Details are in the caption following the image
Mean site-level residuals of annual sums (2000–2009), (a) RECO and (b) LPJmL, ordered by latitude. Vertical solid lines indicate the standard deviation, box sizes increase with number of available measuring years. Values for year 2003 are indicated with ‘×’ to represent values from the map in Fig. 7. Dashed lines indicate trends.

Evaluation of mean monthly estimates is shown in Figure 9. While the monthly bias pattern is consistent with the bias of annual sums, mean monthly estimates show considerably higher accuracy in both models (Fig. 8, 9). RECO achieves smaller mean monthly errors compared to LPJmL (RMSERECO = 1.22 and RMSELPJmL =1.59 [g C m−2 d−1], resp.), which shows positive bias across all biomes, most pronounced for TL sites (slopeTL = 0.45, slopeTH = 0.72, slopeWL = 0.89). In comparison, RECO shows very small bias in all three fitted biomes (slopeTL = 0.97, slopeTH = 0.92, slopeWL = 1.03). The error between RECO and LPJmL at tower pixels is 1.42 [g C m−2 d−1], which indicates that LPJmL agrees better with RECO than with tower data. Interestingly, this value stays remarkably stable if all pixel are included (RMSERECO-LPJmL-all = 1.41 [g C m−2 d−1]).
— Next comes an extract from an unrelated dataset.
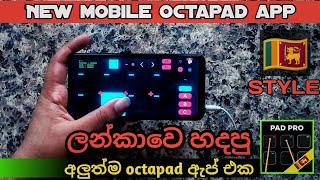 අලුත්ම ඔක්ටපෑඩ් ඇප් එක new mobile octapad app in sri lanka ❌ spd 20 pro style screenshot 5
Details are in the caption following the image
Evaluation of the RECO (left-hand column) and LPJmL (right-hand column) against Fluxnet data for monthly averages (first row) and seasonal variation of mean monthly residuals, as box-and-whisker plots (second row, whiskers are set to 1.5 inter quartile range). The solid line in (a) and (b) is the 1/1 line, dashed lines indicate the bias. TL, TH and WL abbreviate Temperature-Limited, Temperate and Humid and Water-Limited, respectively.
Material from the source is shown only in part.